Mary got to see it—the risen Christ, the new creation, the birth of the gospel—and, according to John, she got to see it primarily because she was the only one who stayed with Jesus all the way through—from Galilee to Jerusalem, from the cross to the resurrection. She got to see it all because she was faithful, never wavering from her devotion to the Lord. She was the first evangelist, the most faithful disciple, the one who, along with the other women, gave the first sermon in the history of the church. “I have seen the Lord!”
This is real discipleship—staying with Jesus through everything. Some wash their hands of Jesus out of self-interest. Some would rather fight for their rights than do the things that make for peace. Some will stay in the shadows and admire Jesus from a distance. Some will be troubled by him because he haunts their dreams of wealth and success. Others will follow, but only reluctantly and when compelled to do so.

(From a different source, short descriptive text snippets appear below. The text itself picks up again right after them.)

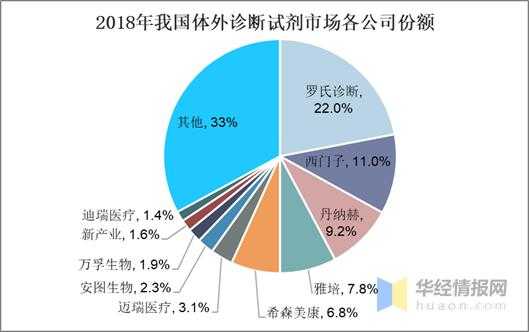 诊断试剂销售人员收入（诊断试剂行业）-图2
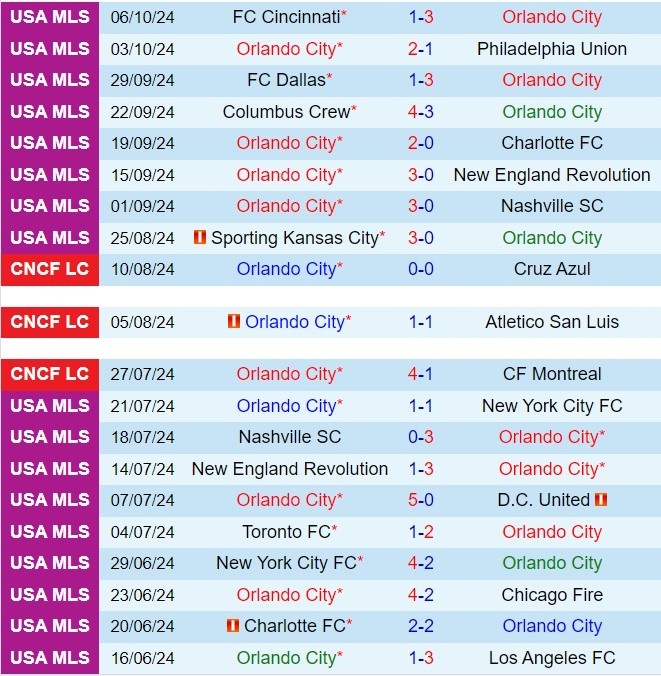Trận Siêu Cúp MLS 2024 Orlando Tự Tin Đón Tiếp Atlanta Trong Cuộc So Tài Không Cân Sức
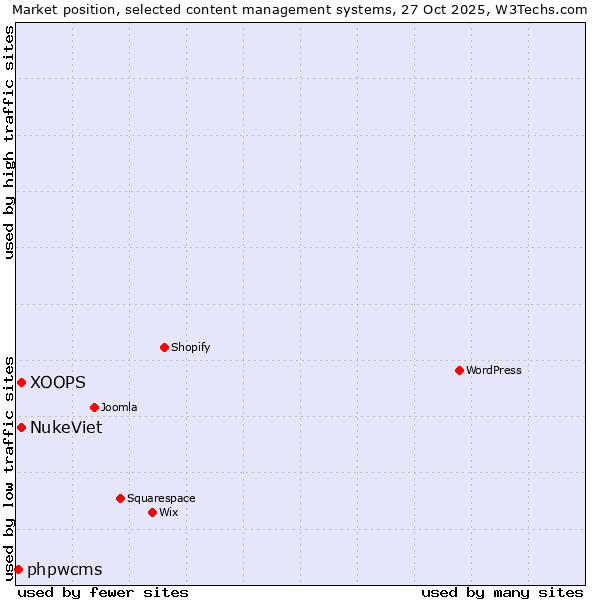 Market position of XOOPS vs. NukeViet vs. phpwcms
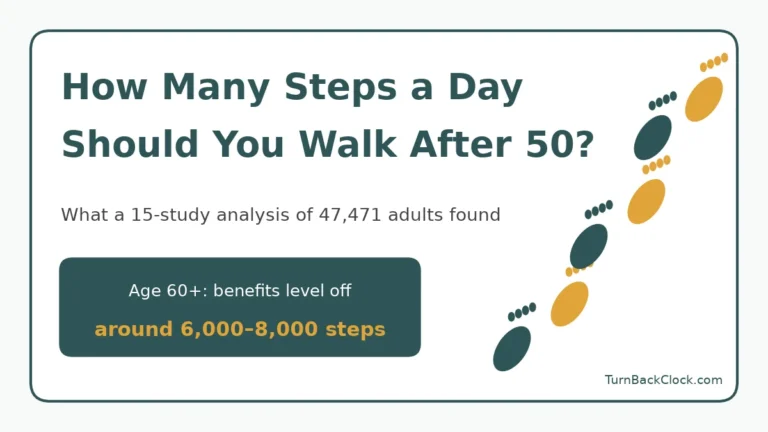 Graphic titled How Many Steps a Day Should You Walk After 50, noting that for adults 60 and older benefits level off around 6,000 to 8,000 steps a day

But blessed are disciples like Mary, who stay with Jesus until they see the good news of the Gospel, the promise of the new creation, come in its fullness. Blessed are disciples, like Mary, who remember the sin and the demons from which they have been delivered by the healing and forgiving word of Jesus Christ. Blessed are disciples like Mary, who seek the Lord with passion. Blessed are disciples like Mary who give birth to children of God by going from the garden to the world and witnessing to the truth: “I have seen the Lord!” Blessed are disciples like Mary, who will announce the good news to anyone who will listen!
Recently I was listening to someone who was criticizing our Methodist denomination for ordaining women. “Women shouldn’t speak in church,” he said, taking a single verse from Ephesians out of context. “Well, thank God they did,” I said.” Remember that the first Christian sermon was given by a woman to men who had been in hiding out at home. Without her, we probably wouldn’t have a church in the first place.”
She was the first evangelist, a true disciple. She was with Jesus on Palm Sunday, with him on Good Friday, and was the first to see him on Easter. It is appropriate that we begin Holy Week by seeing it through the eyes of the one who saw it all.
May we follow her example and tell people how we have seen the Lord present and at work in our own lives as people of the new creation!
Wells, Samuel. Power and Passion: Six Characters in Search of Resurrection. Zondervan: 2006.